I, Michael Brown Shaw, compiled this 7 page document in June 2006. It consists of brief life sketches of my Great Great Grandfather Myrtillo Shaw, Jr, and his wife, my Great Great Grandmother, Anna Hermina Cardon Shaw. Each sketch begins with a third-person introduction of the individual and the bulk of each sketch consists of first-person accounts of life events. 

My source for these life sketches comes from the Utah State University Special Collections Library. The library has a collection of documents which make up the “Mormon Diaries project.” The USU Special Collections staff printed copies of the pertinent documents and mailed them to me. The documents were typewritten and I transcribed them into modern computer format for improved searching and distribution. In so doing, I have preserved all spelling, punctuation, and grammar exactly as they appear in the source documents, including any errors. I have made no editorial attempt. 
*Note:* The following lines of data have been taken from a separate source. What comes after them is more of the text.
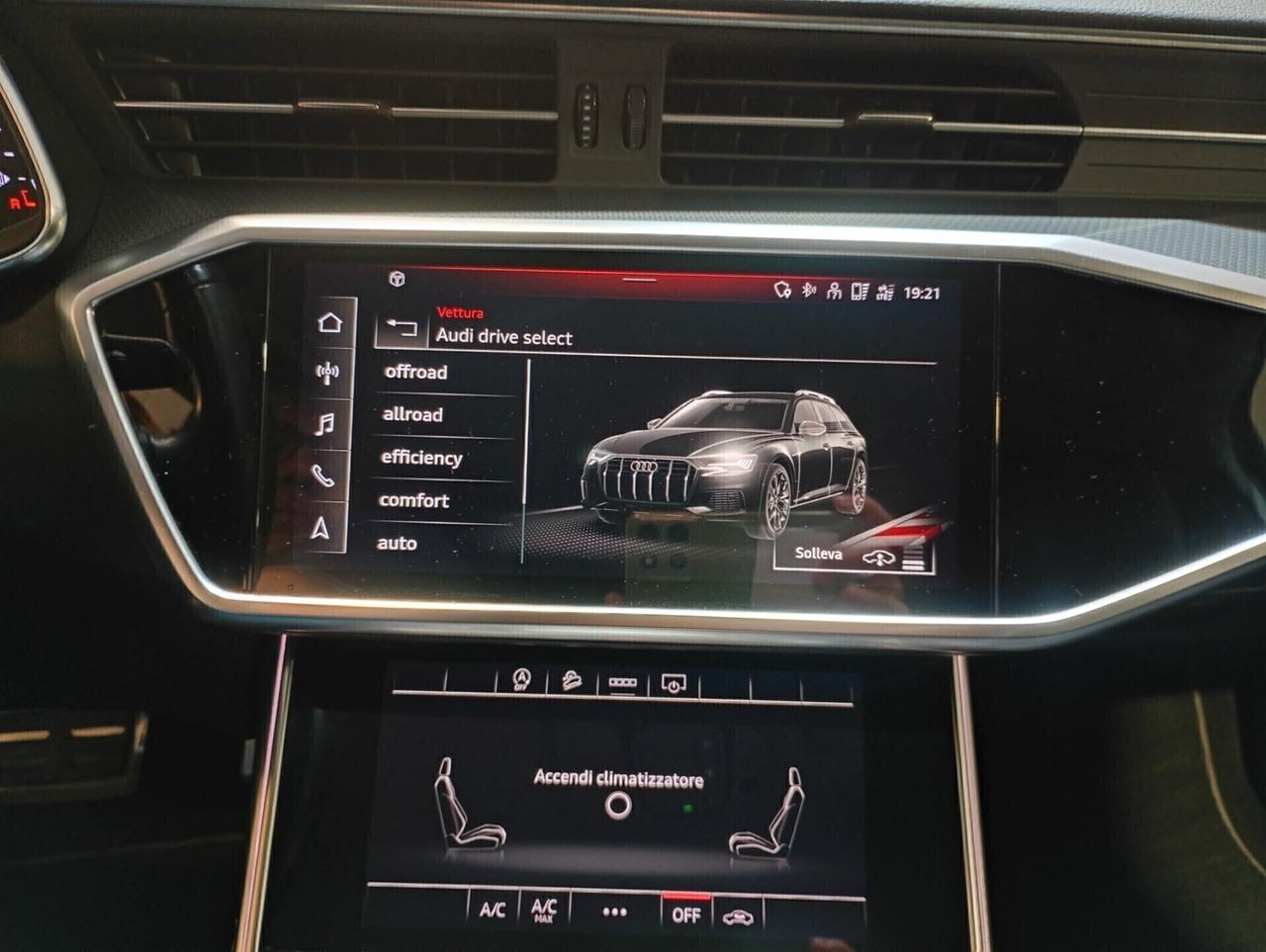 Audi ALLROAD 40 TDI S tronic Evolution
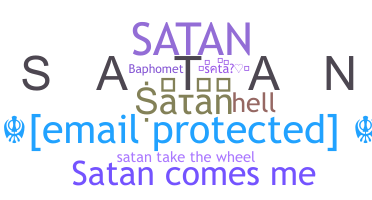 उपनाम - Satan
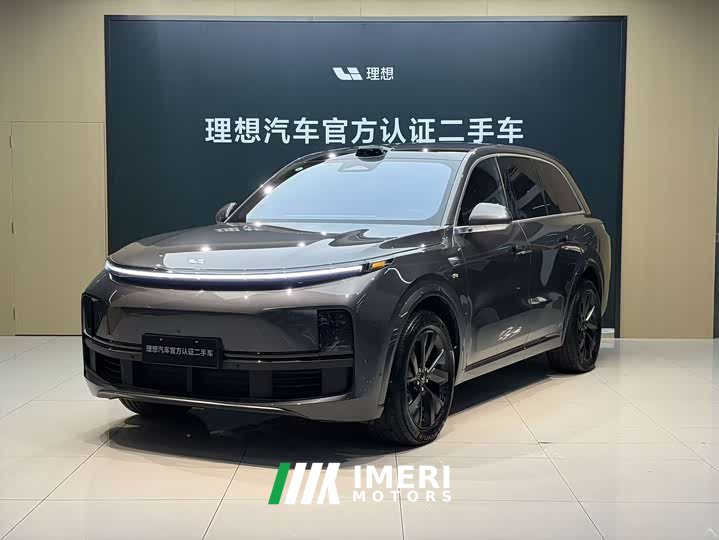 Li Auto L8 2023 Max - ავტომობილი ჩინეთიდან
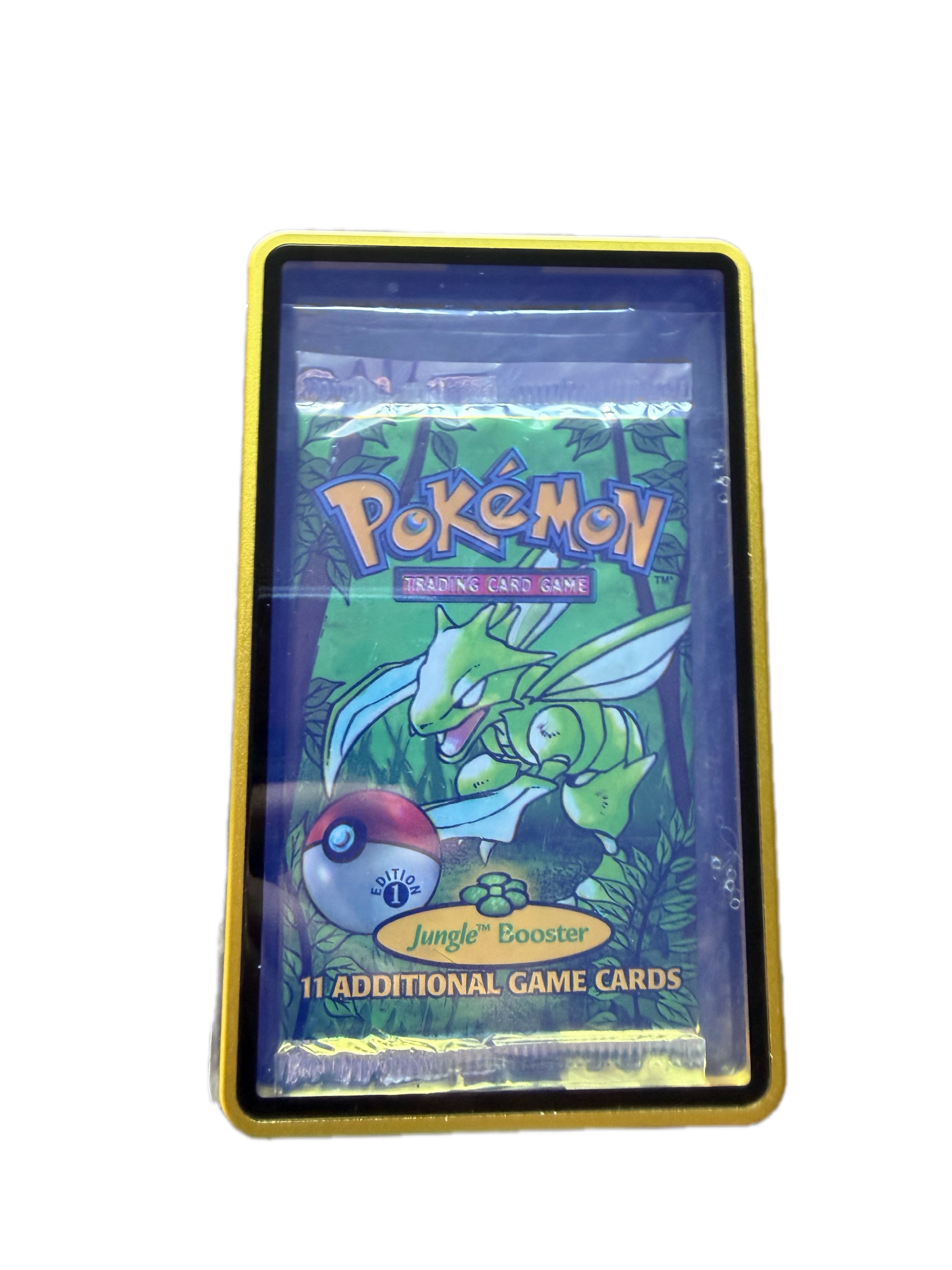1st edition jungle booster pack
Finally, I am in no way an expert on the Mormon Diaries project. The background information contained herein is taken from descriptions obtained from the USU Special Collections Internet website with minor editing for length. 

Table of Contents

Background on the Mormon Diaries Project

Life Sketch of Myrtillo Shaw, Jr

Life Sketch of Anna Hermina Cardon Shaw


Background on the Mormon Diaries Project

During the Great Depression of the 1930s, the federal government of the United States established the Works Progress Administration (WPA) in an effort to provide employment opportunities. Among the undertakings of the WPA was the Mormon Diaries project. 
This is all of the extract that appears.